This next 100 objects post has been written by Stephanie Appleton, doctoral researcher in the history department at the University of Birmingham.
In this quotation from Troilus and Cressida (1601), Thersites unleashes his anger at Patroclus:
Thersites: ... Why art thou then exasperate, thou/ idle immaterial skein of sleave-silk, thou green sarsenet/ flap for a sore eye, thou tassel of a prodigal’s purse,/ thou? Ah, how the poor world is pestered with such/ waterflies, diminutives of nature! (5. 1. 29 - 33)
Here Thersites objectifies Patroclus, dehumanising and humiliating him by likening him to a flimsy, showy, frivolous dress accessory of the time: the purse. As such there is irony in his use of the word ‘immaterial’: while its main intention is surely to indicate that he views Patroclus as entirely inconsequential, he chooses to demonstrate this by itemising the characteristics of what is unmistakably a material object, with its tangibility thus reinforcing the slur.

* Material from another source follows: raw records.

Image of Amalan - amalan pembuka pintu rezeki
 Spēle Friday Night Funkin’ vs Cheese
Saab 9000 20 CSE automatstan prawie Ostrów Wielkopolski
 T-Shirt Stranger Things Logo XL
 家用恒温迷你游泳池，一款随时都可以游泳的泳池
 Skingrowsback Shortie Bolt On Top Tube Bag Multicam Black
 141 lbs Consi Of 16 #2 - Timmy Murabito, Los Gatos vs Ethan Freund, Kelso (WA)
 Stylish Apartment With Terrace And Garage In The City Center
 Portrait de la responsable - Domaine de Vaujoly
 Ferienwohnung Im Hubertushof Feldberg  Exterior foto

This itemisation of characteristics means that examining Thersites’ account of the purse provides us with a vivid image of what this object might have looked like: the ‘skein of sleave-silk’ and ‘green sarsenet flap’ (sarcenet was a silk like material and so only available to the wealthier citizens of Shakespeare’s England) conjure up an image of an attractive, costly yet delicate item, while ‘the tassel of a prodigal’s purse’ adds further emphasis to its primarily decorative, rather than functional, form.
In fact, this late sixteenth century purse or ‘sweet bag’, from the museum collection of the Shakespeare Birthplace Trust, looks remarkably like the sort of thing Shakespeare may have had in mind when writing this speech. This purse is also made of silk (silk satin, precisely) except in this case it is dark pink instead of green. It is embroidered with foliage detail in vibrant yellows and greens, with silver spangles enhancing the border and background, and it too is edged with tassels, two of which are acorn shaped. A long, seven colour plaited drawstring and cord is attached to the top, which perhaps allowed for the bag to be carried around the wrist or hung about the person, for maximum display.
Although this type of purse is commonly referred to as a ‘sweet bag’, this name might be somewhat of a red herring, as it is thought that they had a variety of possible uses. For example, it is known that bags like these were used to hold gifts of money presented to the monarch at New Year, as a kind of early modern gift wrapping. Alternatively they may have held dried herbs and flowers or perfumed powders, ready to be applied to the nose like a pomander to mask any unpleasant odours. Or, a delicate bag like this might even have been given as a token of love during courtship, perhaps containing a smaller, symbolic gift within, like a ring.